İsrail'in hedefleri ve Iğdır'ın satılması!
Washington Post gazetesinde Robert Kagan, "İsrail ve liberal düzenin çöküşü" başlıklı yazısında, 17 Eylül'de erken seçime gidecek olan ülke için, "Liberal dünya düzeni ile liberal karşıtı...
Washington Post gazetesinde Robert Kagan, "İsrail ve liberal düzenin çöküşü" başlıklı yazısında, 17 Eylül'de erken seçime gidecek olan ülke için, "Liberal dünya düzeni ile liberal karşıtı milliyetçi ve otoriterler arasındaki artan çatışmada, İsrail hangi tarafta olmak istiyor?" sorusunu sordu.

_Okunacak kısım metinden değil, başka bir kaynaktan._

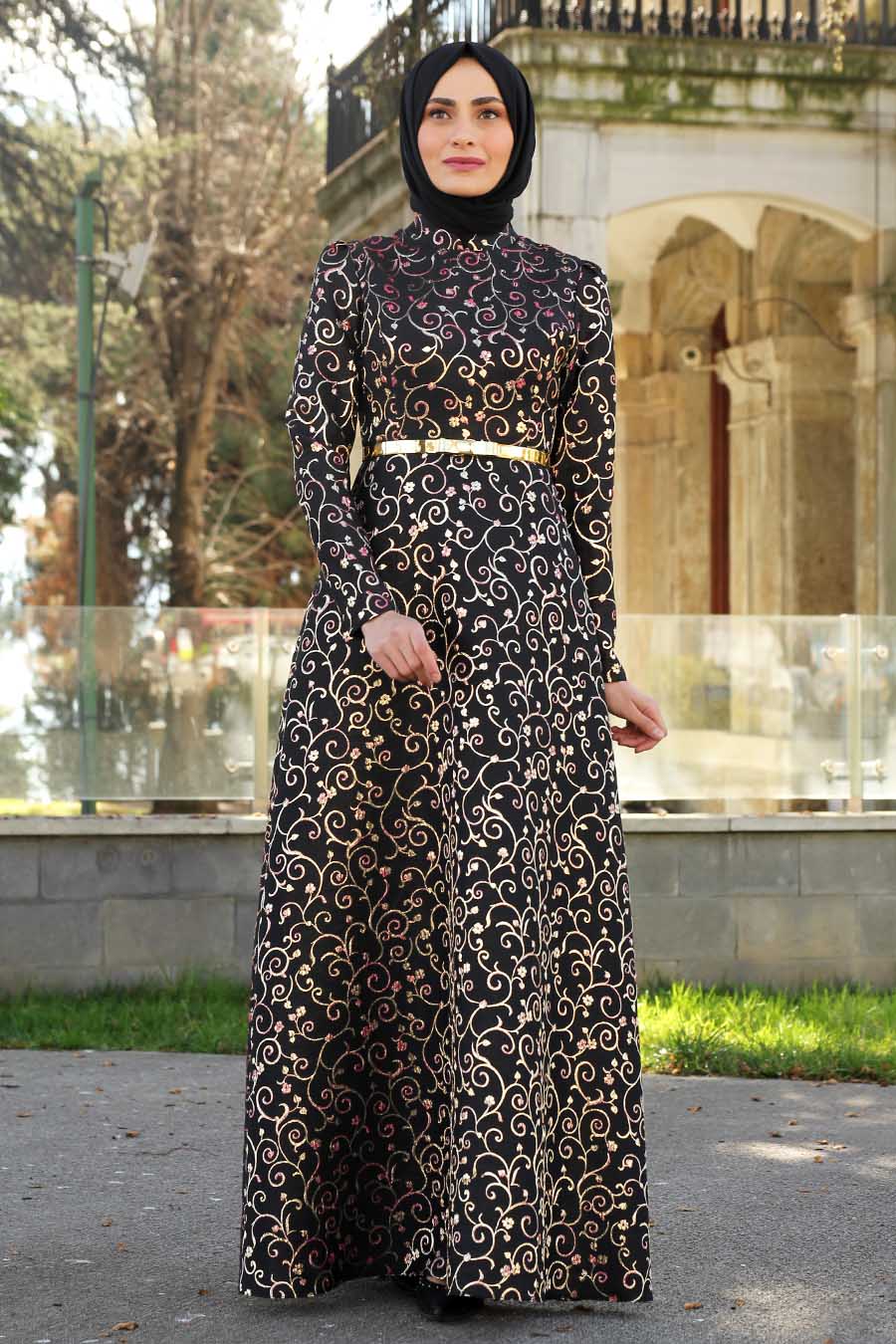 PATTERNED BLACK EVENING DRESS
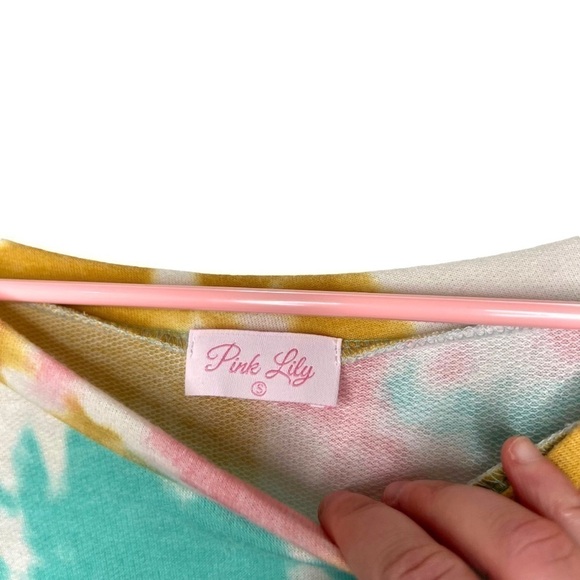 Pink Lily Tie Dye Pink Blue Gold Crewneck Pullover Jumper Sweatshirt Size Small - Picture 7 of 13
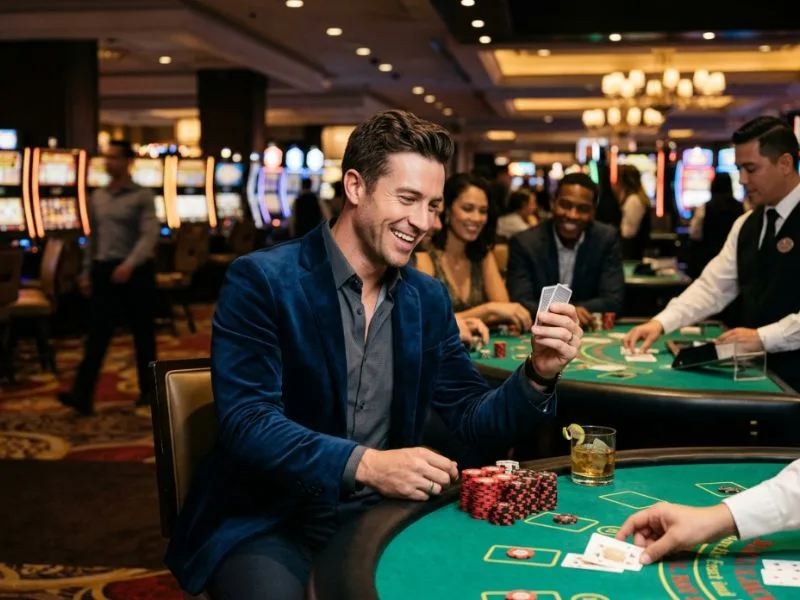 Attractive man enjoying Color Game GCash in a premium casino setting with focused gameplay.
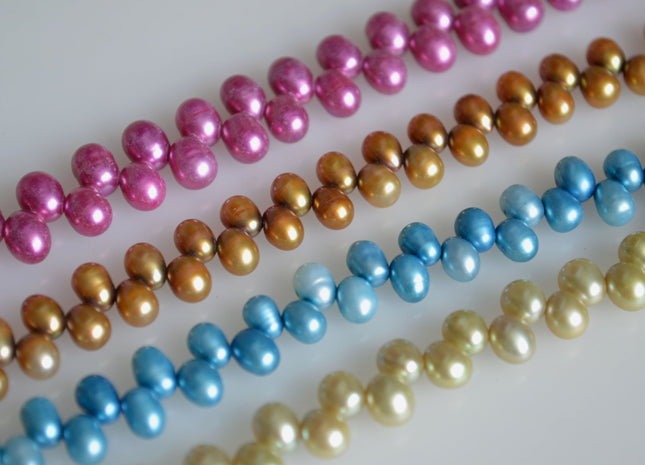 6x4-5mm to 7x5-6mm Top Drilled Oval/Drop Shape Freshwater Pearl Beads Multi Colors Dancing Genuine Cultured Freshwater Pearls #759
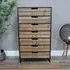 Industrial Multi Drawer Storage Unit - Black, Wood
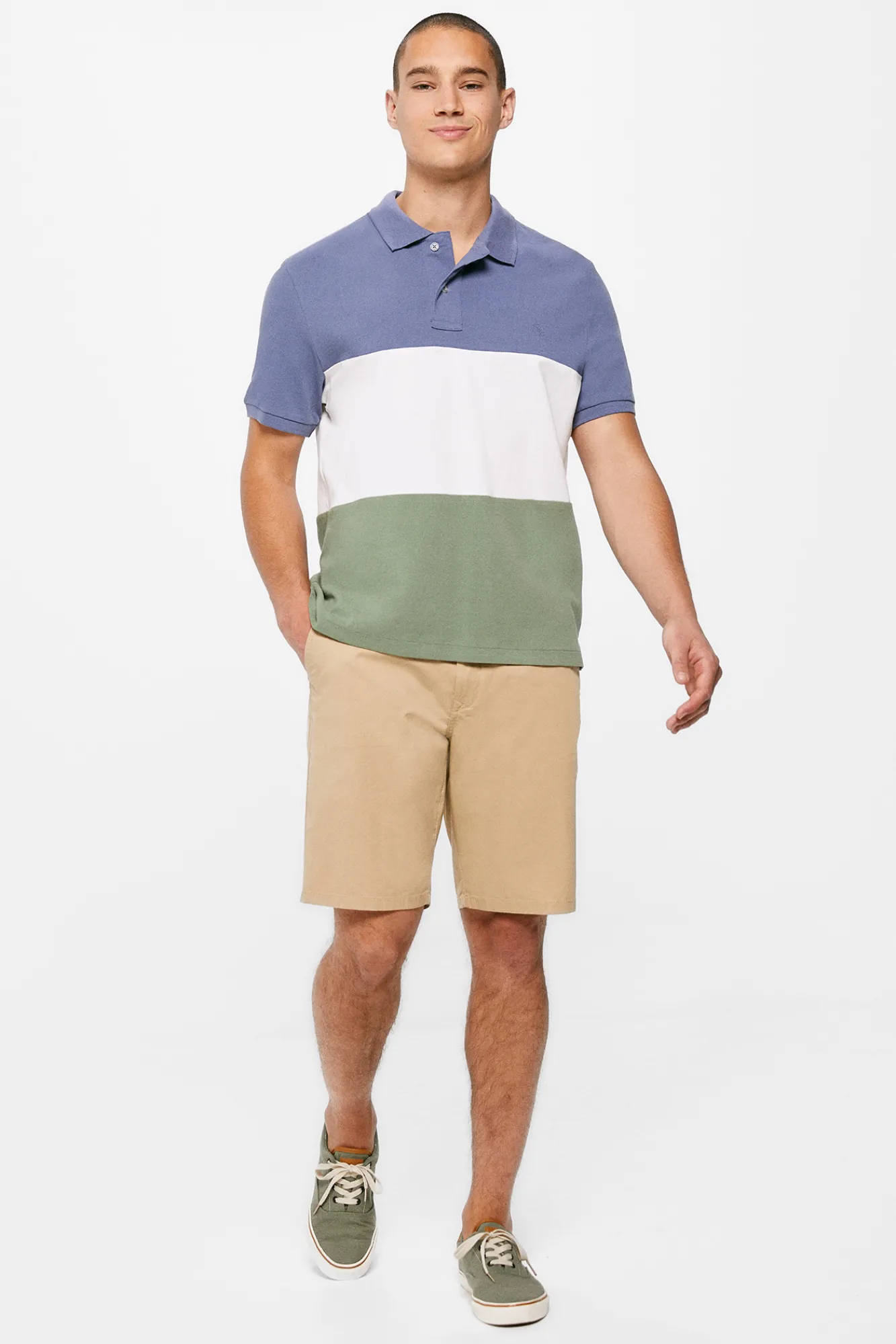 * Polo Pique Tricolor Block Azul Medio Hot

Kagan, "İsrail Başbakanı Netanyahu'nun, liberalizme açıkça karşı duran Macaristan Başbakanı Viktor Orban ve Polonya'nın Yahudi soykırımındaki rolünün kamuoyunda tartışılmasını yasaklayan iktidardaki Hukuk ve Adalet partisiyle yakın ilişkiler kurmaya çalışması, Brezilya'nın sağcı milliyetçi lideri Jair Bolsonaro'yu sıcak bir şekilde kucaklaması; bir zamanlar Adolf Hitler'e benzetilen Filipinler Cumhurbaşkanı Rodrigo Duterte'i ziyaret etmesi, Rusya Devlet Başkanı Vladimir Putin ile ilişkileri canlandırmak için sürekli çalışması, Hayfa limanını yönetmek için Çinli bir devlet şirketine 25 yıllık bir sözleşme önermesi, Birleşik Arap Emirlikleri ve Suudi Arabistan'ın otoriter yönetimlerini desteklemenin yanı sıra Mısır'daki askeri diktatörlüğe sürekli olarak güçlü destek sağlaması"nı hatırlattı ve "Tüm bu yeni ortaklar arasındaki ortak payda liberalizme ve liberal dünya düzenine düşmanlıktır" tespitinde bulundu..
***
Robert Kagan, özetle şu görüşleri öne sürdü:
*"İsrail, daha önce sahip olmadığı seçeneklerle karşı karşıya... İsrail'in kuruluşunun ve hayatta kalmasının liberal dünya düzeninin başarısına ve ABD'nin desteğine bağlı olduğunu unutanlar var. Gerçek şu ki Yahudi devleti, ABD olmadan doğup hayatta kalamazdı.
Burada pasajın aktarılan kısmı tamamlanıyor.